Reproduce the records below in full and without edits, omitting images.

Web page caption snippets
= = =

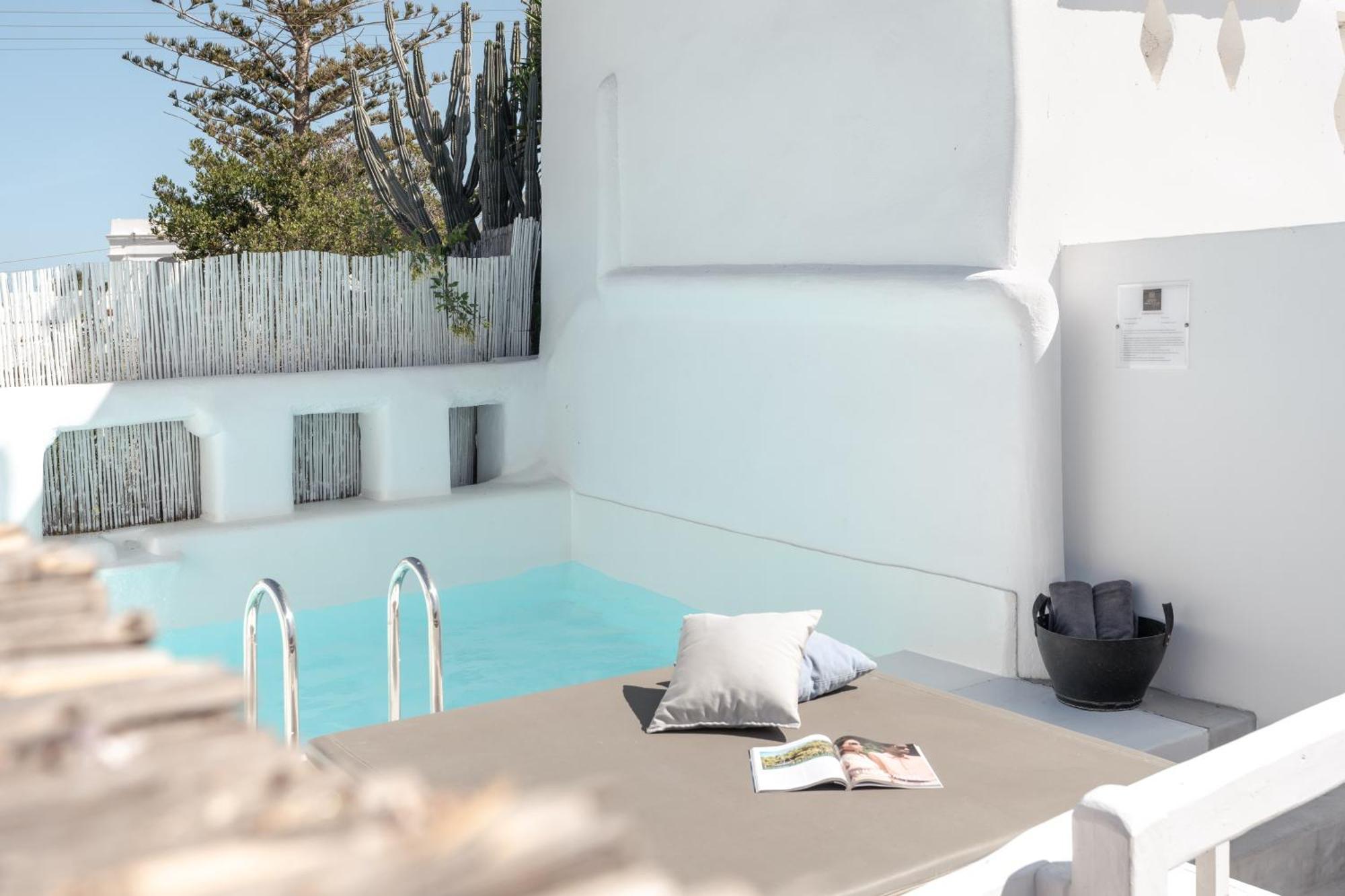 Willa Casa Bo Mykonos Mykonos Town Zewnętrze zdjęcie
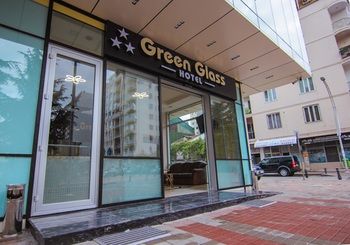 Фото Hotel Green Glass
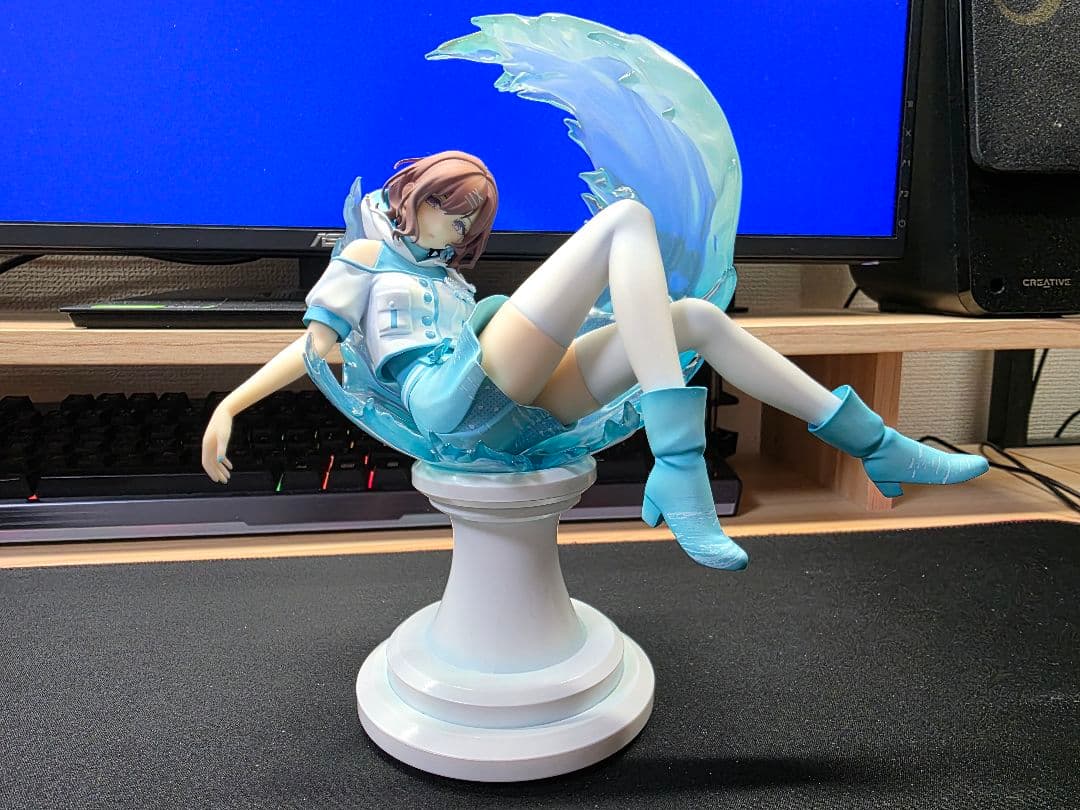 【特典付き】BROCCOLI 樋口円香 クリアマリンカームVer.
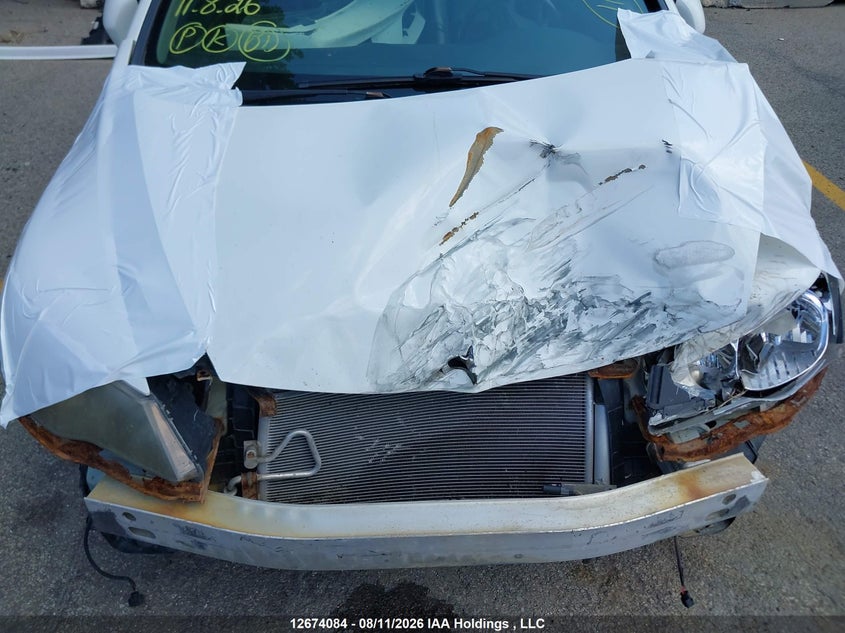 2011 ACURA CSX SEDAN 2.0L I-4 DOHC, VVT, 155HP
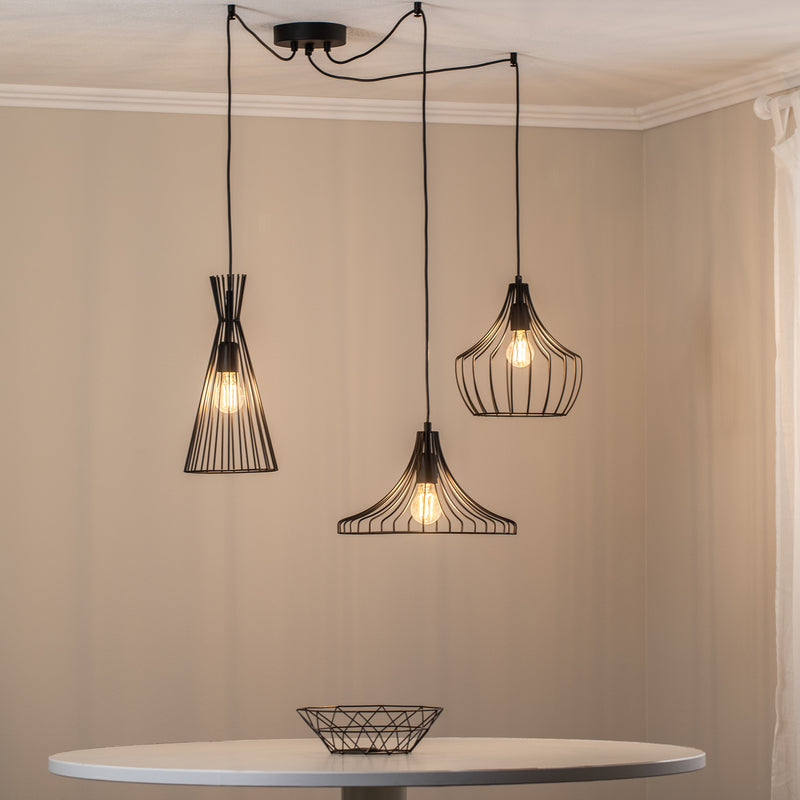 Maroska Sketch Pendelleuchte Pendellampe Hängeleuchte Hängelampe Leuchte Lampe - 8681875575637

= = =

Solution to this problem:
 Willa Casa Bo Mykonos Mykonos Town Zewnętrze zdjęcie
 Фото Hotel Green Glass
 【特典付き】BROCCOLI 樋口円香 クリアマリンカームVer.
 2011 ACURA CSX SEDAN 2.0L I-4 DOHC, VVT, 155HP
 Maroska Sketch Pendelleuchte Pendellampe Hängeleuchte Hängelampe Leuchte Lampe - 8681875575637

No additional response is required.